#### Records to process:

■ ■ ■ ■

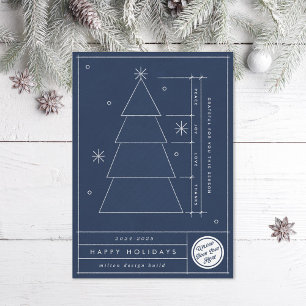 Blueprint Christmas Tree Corporate Non Photo Holiday Card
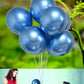 Chrome Metallic Blue Balloons 12 Inch 100 Pcs Latex Balloons Birthday Balloons Shiny Balloons Graduation Halloween Party Decorat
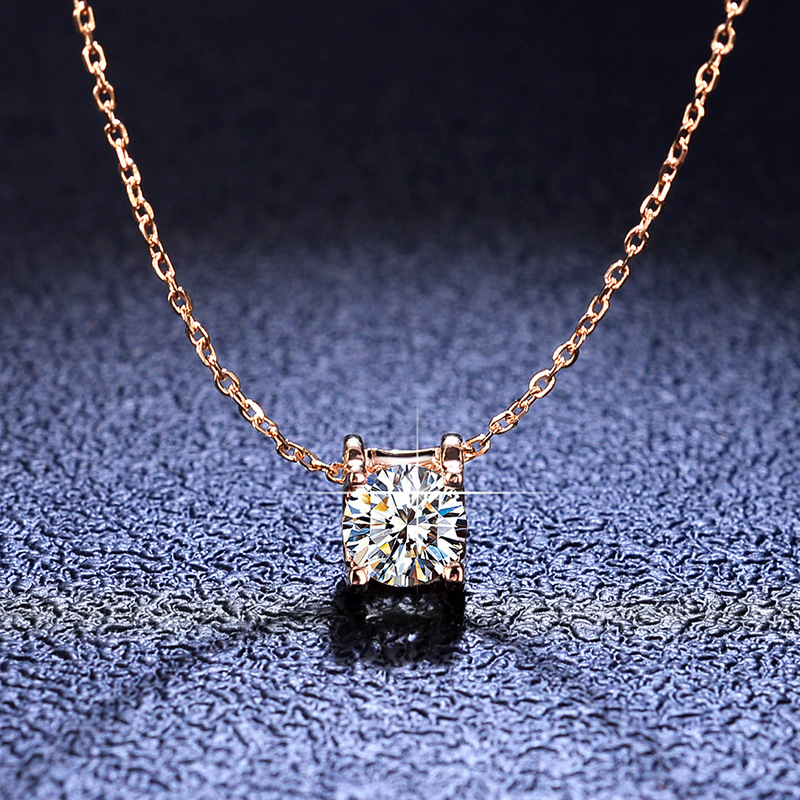 Sterling silver moissanite bull head necklace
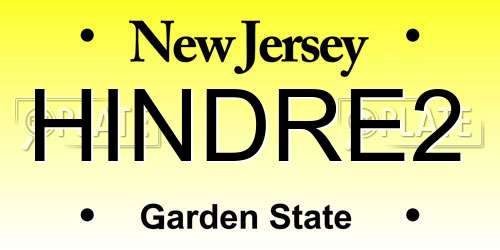 HINDRE2 New Jersey License Plate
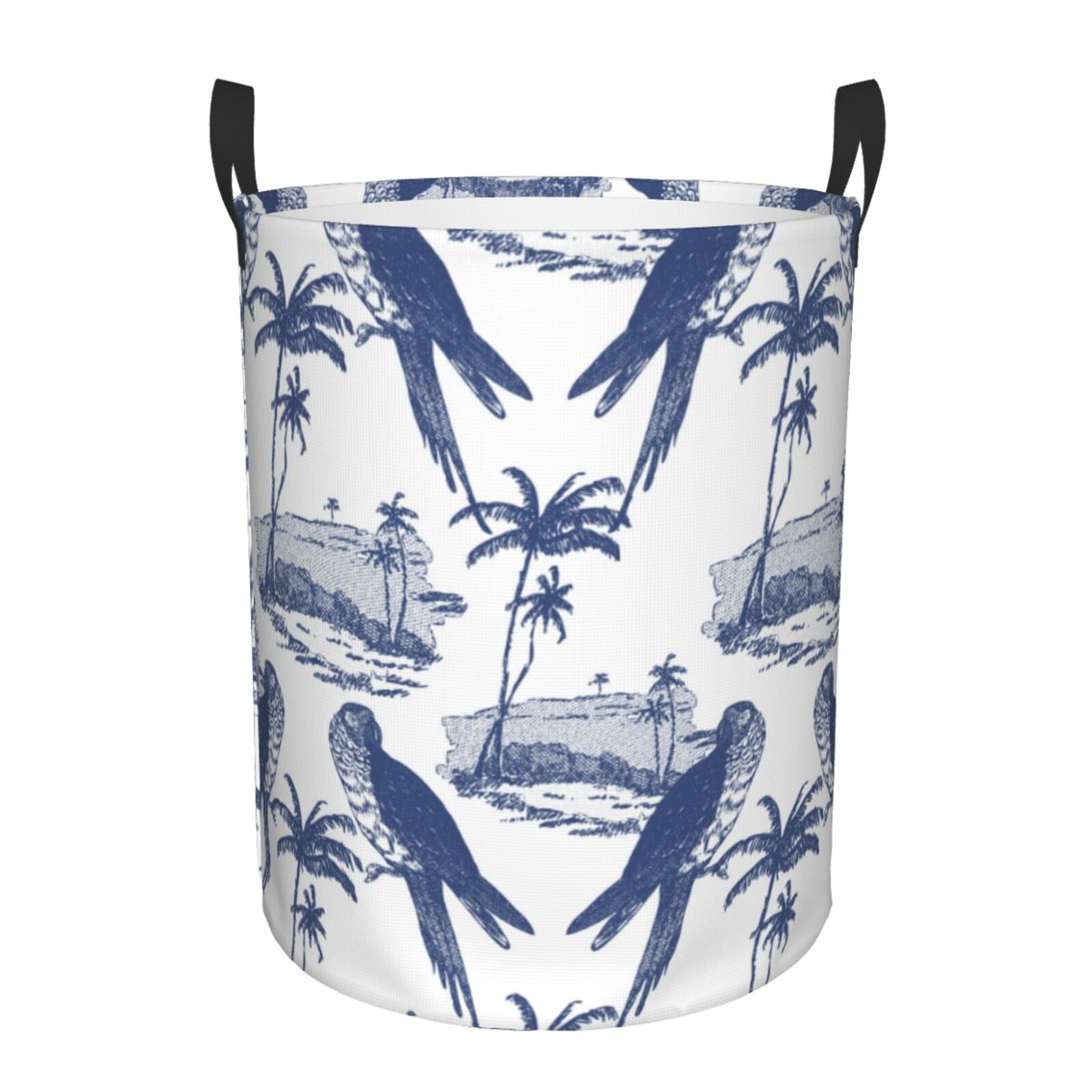 Large Laundry Basket with Handles - Sketch Parrot Palm Tree Kids Baby Dirty Clothes Laundry Hamper for Bedroom Aesthetic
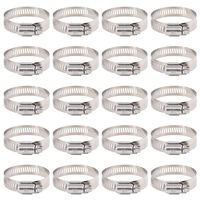 Rustark 25-Pcs Adjustable [27 to 51mm] Range Worm Gear Hose Clamp Clips Fuel Line Clamps Assortment Kit for Plumbing - 304 Stainless Steel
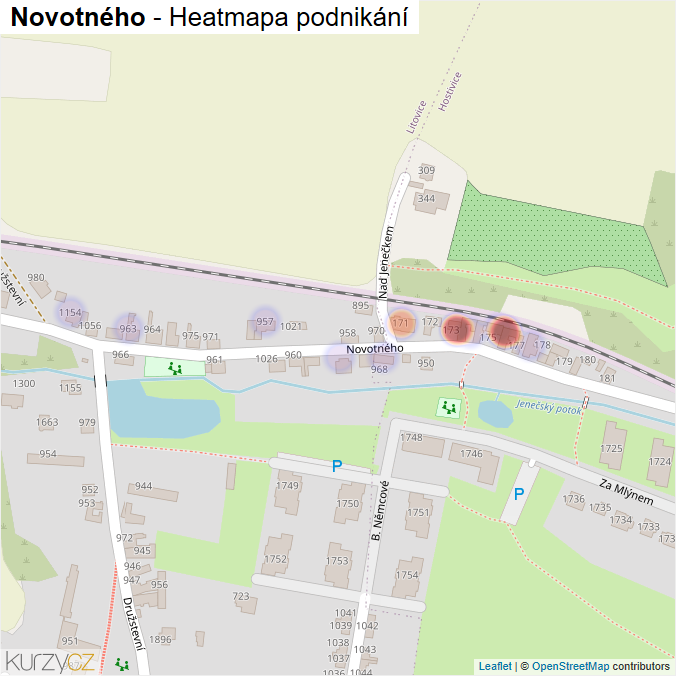 Mapa Novotného - Firmy v ulici.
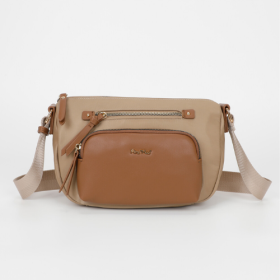 BORSA A TRACOLLA IN NYLON CON DETTAGLI IN PU BEIGE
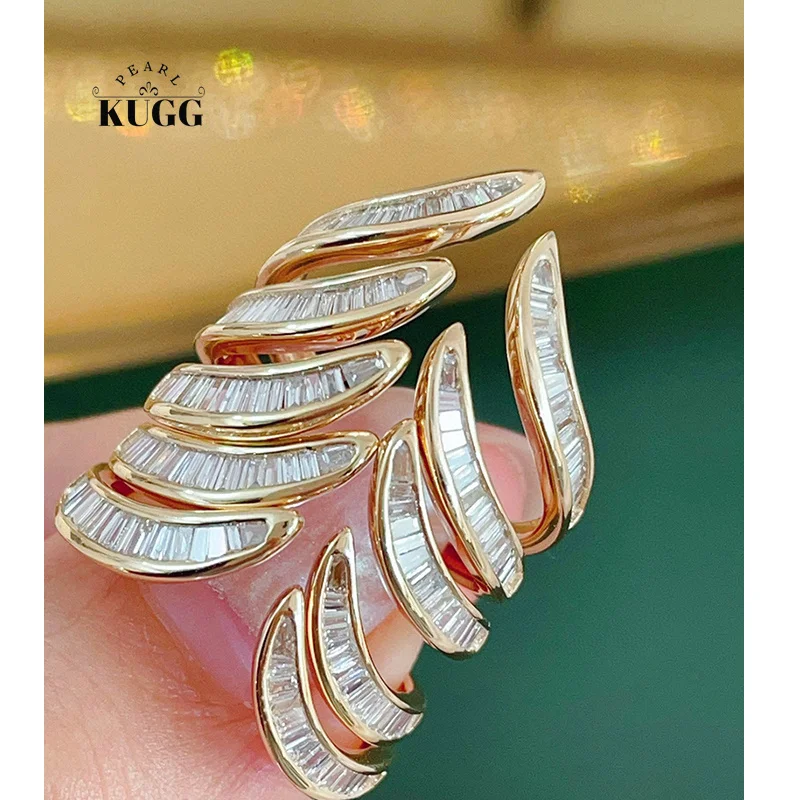 

KUGG 100% кольца из желтого золота 18 карат, модный стиль INS, 0,23 карата, открытое кольцо с настоящим натуральным бриллиантом для женщин, подарок на высокую годовщину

■ ■ ■ ■

#### Goal of the exercise:
Give every record back exactly as it reads, with no images.

#### Response area:
 Blueprint Christmas Tree Corporate Non Photo Holiday Card
 Chrome Metallic Blue Balloons 12 Inch 100 Pcs Latex Balloons Birthday Balloons Shiny Balloons Graduation Halloween Party Decorat
 Sterling silver moissanite bull head necklace
 HINDRE2 New Jersey License Plate
 Large Laundry Basket with Handles - Sketch Parrot Palm Tree Kids Baby Dirty Clothes Laundry Hamper for Bedroom Aesthetic
 Rustark 25-Pcs Adjustable [27 to 51mm] Range Worm Gear Hose Clamp Clips Fuel Line Clamps Assortment Kit for Plumbing - 304 Stainless Steel
 Mapa Novotného - Firmy v ulici.
 BORSA A TRACOLLA IN NYLON CON DETTAGLI IN PU BEIGE

KUGG 100% кольца из желтого золота 18 карат, модный стиль INS, 0,23 карата, открытое кольцо с настоящим натуральным бриллиантом для женщин, подарок на высокую годовщину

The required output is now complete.